**EXERCISE DATA:**
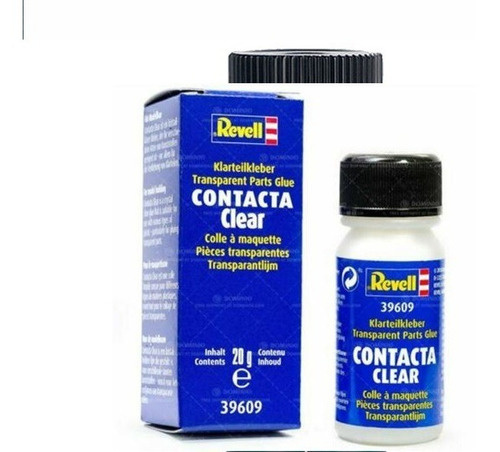 Contacta Clear, 20 g-1
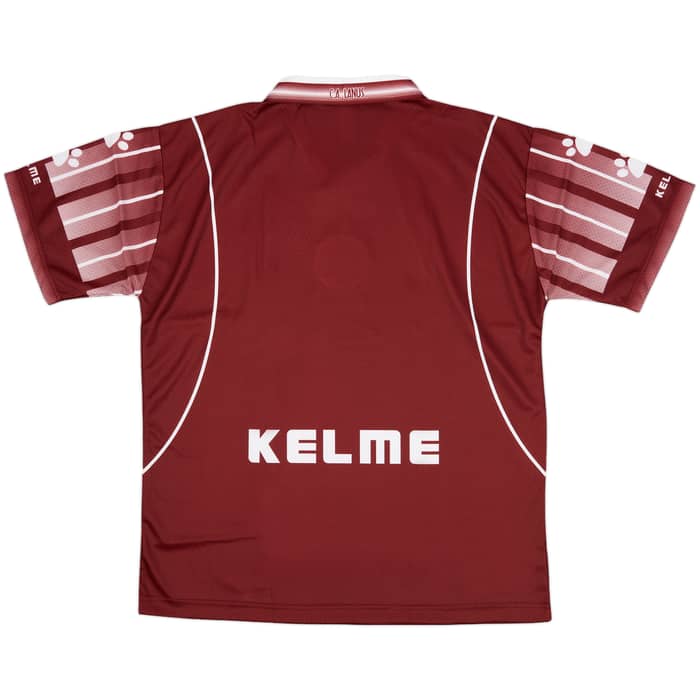 1999-00 Club Atletico Lanus Home Shirt (L)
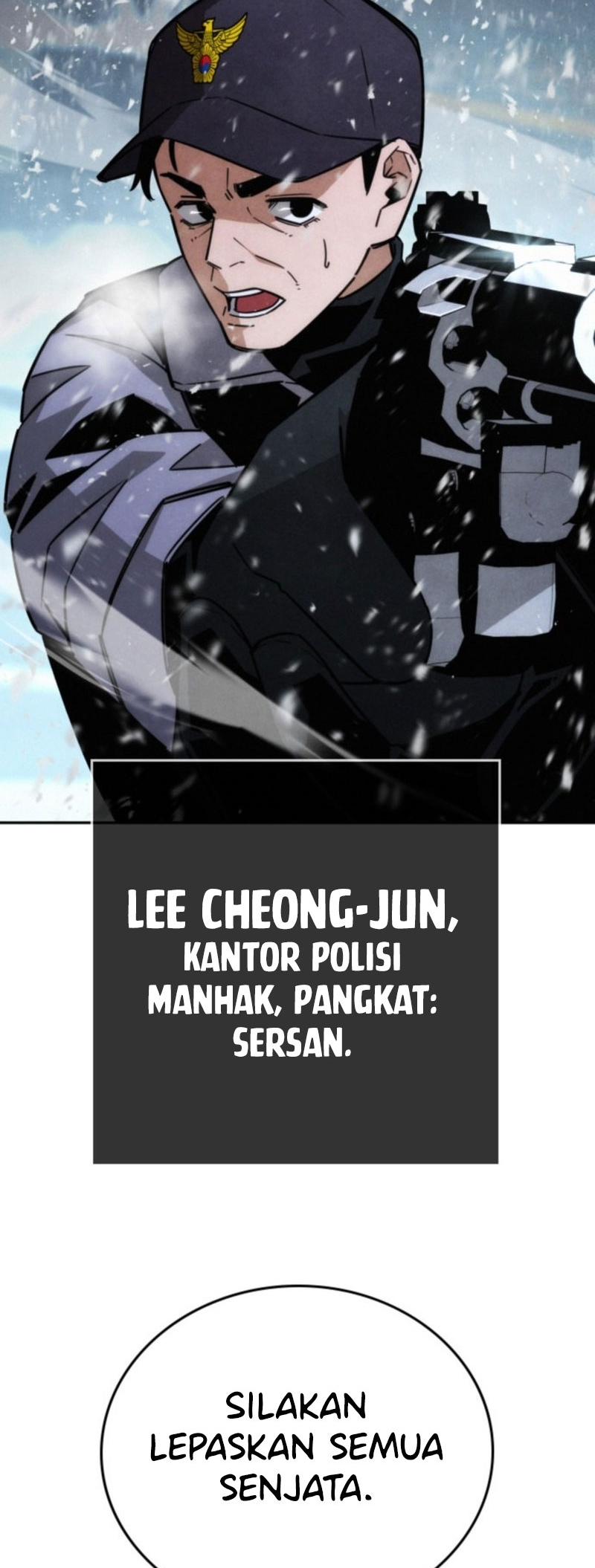 The Regressor Only Protects Me Chapter 14 - halaman 30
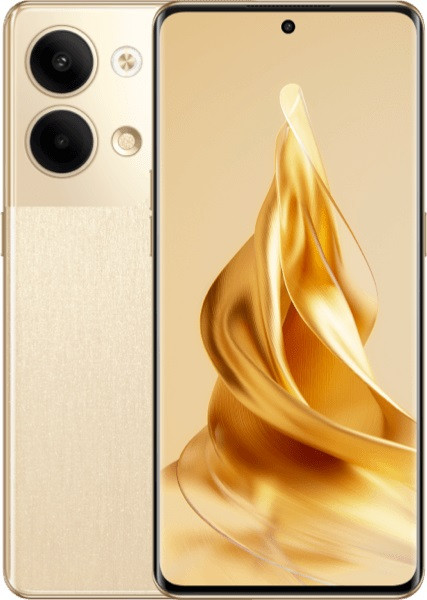 OPPO Reno 9 5G PHM110 Dual Sim 512GB Gold (12GB RAM) - China Version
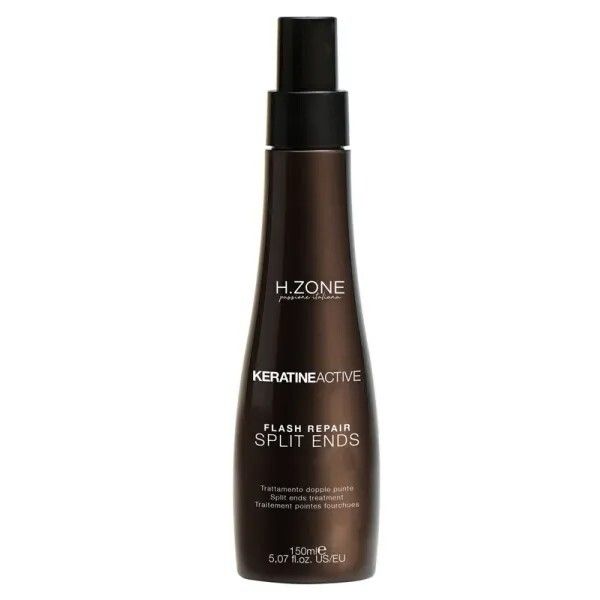 H. Zone Keratine Active Flash Repair Treatment for Split Ends 5.07 fl oz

**TASK GOAL:** Repeat each entry precisely as it appears. Leave the pictures out.

**ANSWER FOR THE TASK:**
 Contacta Clear, 20 g-1
 1999-00 Club Atletico Lanus Home Shirt (L)
 The Regressor Only Protects Me Chapter 14 - halaman 30
 OPPO Reno 9 5G PHM110 Dual Sim 512GB Gold (12GB RAM) - China Version
 H. Zone Keratine Active Flash Repair Treatment for Split Ends 5.07 fl oz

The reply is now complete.